(Bloomberg) -- China relocated an official from Tibet to lead its crackdown on the financial sector, indicating no let-up in its unprecedented efforts to clean up the industry.
Wang Weidong was named chief of the Central Financial Discipline Inspection and Supervision Work Committee, according to an article published Monday by the top graft buster’s official newspaper. It marks the first reference to the special committee, which was newly set up within the Central Commission for Discipline Inspection, Caixin reported on Tuesday.
Wang pledged to strengthen political supervision and party building within the financial system as well “promptly discover deviations” and “vigorously implement rectification,” according to the article.
Wang resigned in March from a supervisory post in Tibet. Prior to that, he held various roles at the National Government Offices Administration as well as the CCDI.
China has tightened its grip on the $66 trillion finance industry, labeling bankers as “hedonistic” and emphasizing the Communist Party’s “centralized and unified leadership” of the sector. An anti-graft drive that was unleashed in 2021 has shocked the industry, bringing down more than 100 financial officials and executives last year alone.
The new financial corruption work committee suggests more permanent oversight of the industry.
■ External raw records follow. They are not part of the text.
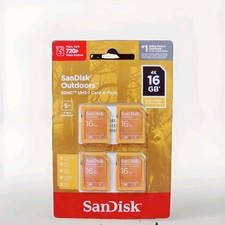 4-PACK SanDisk OUTDOORS 16gb SDHC UHS-I Water Shock Proof Memory Cards
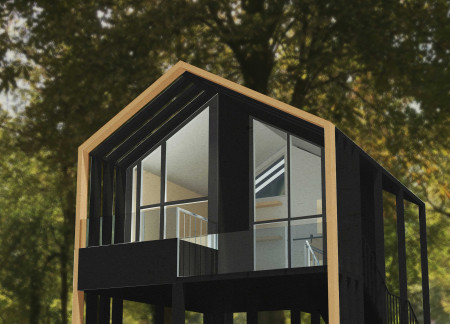 Charred Wooden Shingles and Elevated Living Spaces for Flood Resilience  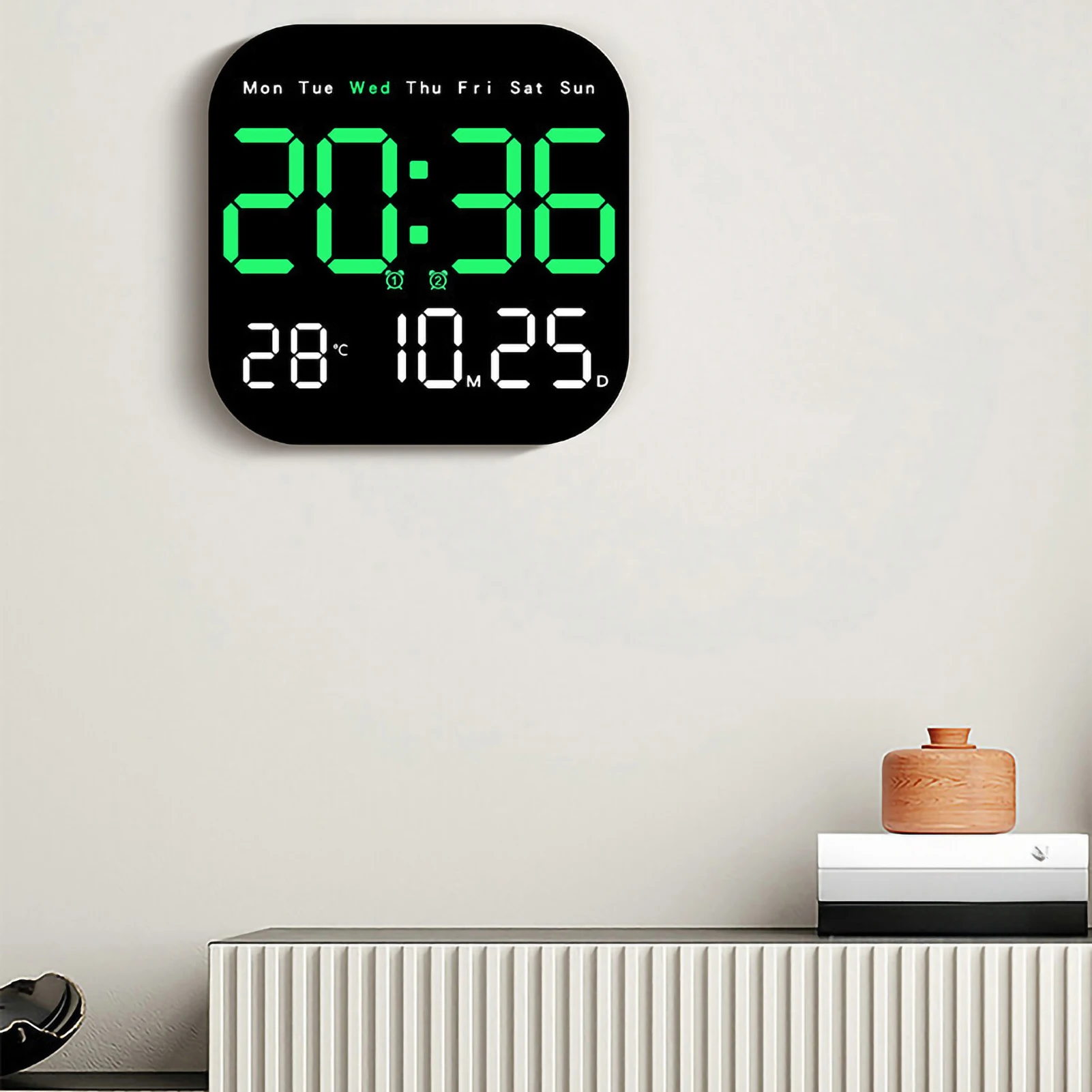 Digital Wall Clocks Temperature Date Week Dispaly Electronic Table Clock 12/24H Wall-mounted LED Alarm Clock Remote Control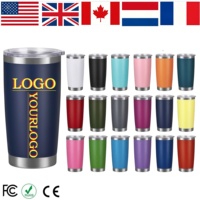 Meilleure vente : Gobelet de voiture 20oz en acier inoxydable 304, double paroi, isolé sous vide, anti-chute, avec logo personnalisable par pulvérisation, idéal comme cadeau.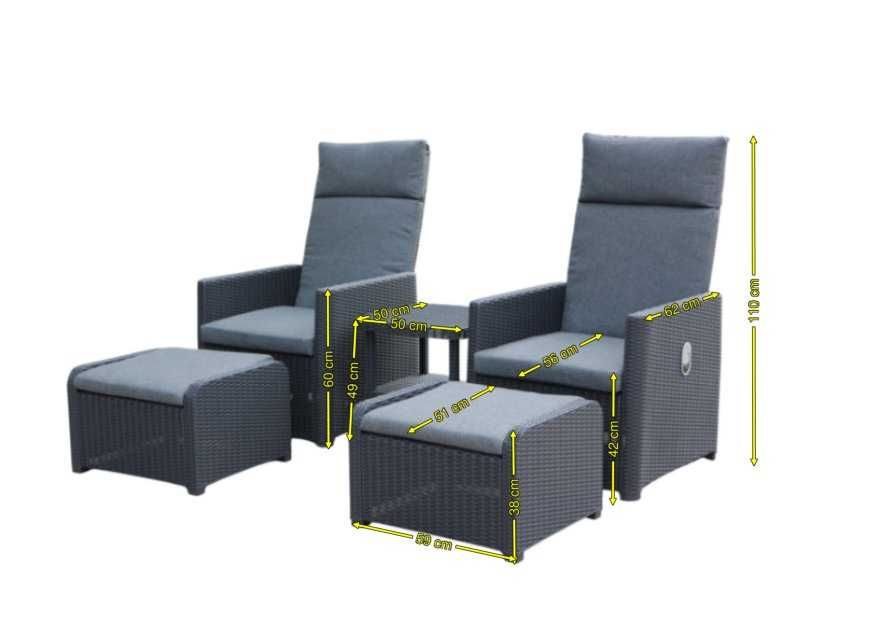 Zestaw Rozkładanych Foteli Wypoczynkowych Taras/Ogród Z Podnóżkami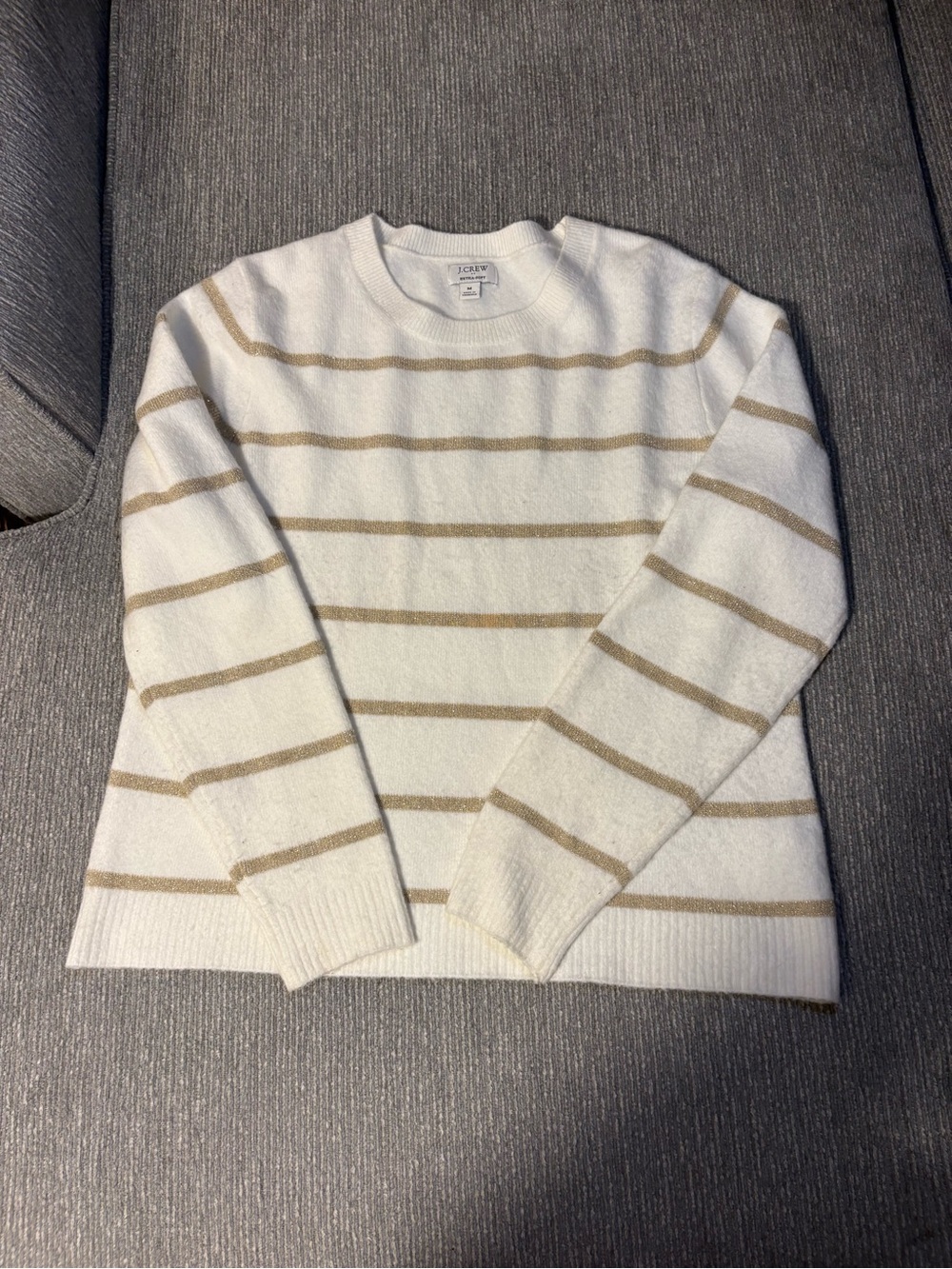 J. Crew Cream Sweater with Tan Stripes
It follows an overhaul of China’s financial regulatory regime last year that saw the creation of an enlarged regulator as well as two financial bodies that oversee the sector’s development, ideology and discipline.
Authorities also pledged to improve its supervision mechanism for the financial sector at the Third Plenum last week, a twice-a-decade gathering where the top leaders map out long-term plans for the world’s second largest economy. It will also formulate a financial law to strengthen regulatory responsibilities and accountability.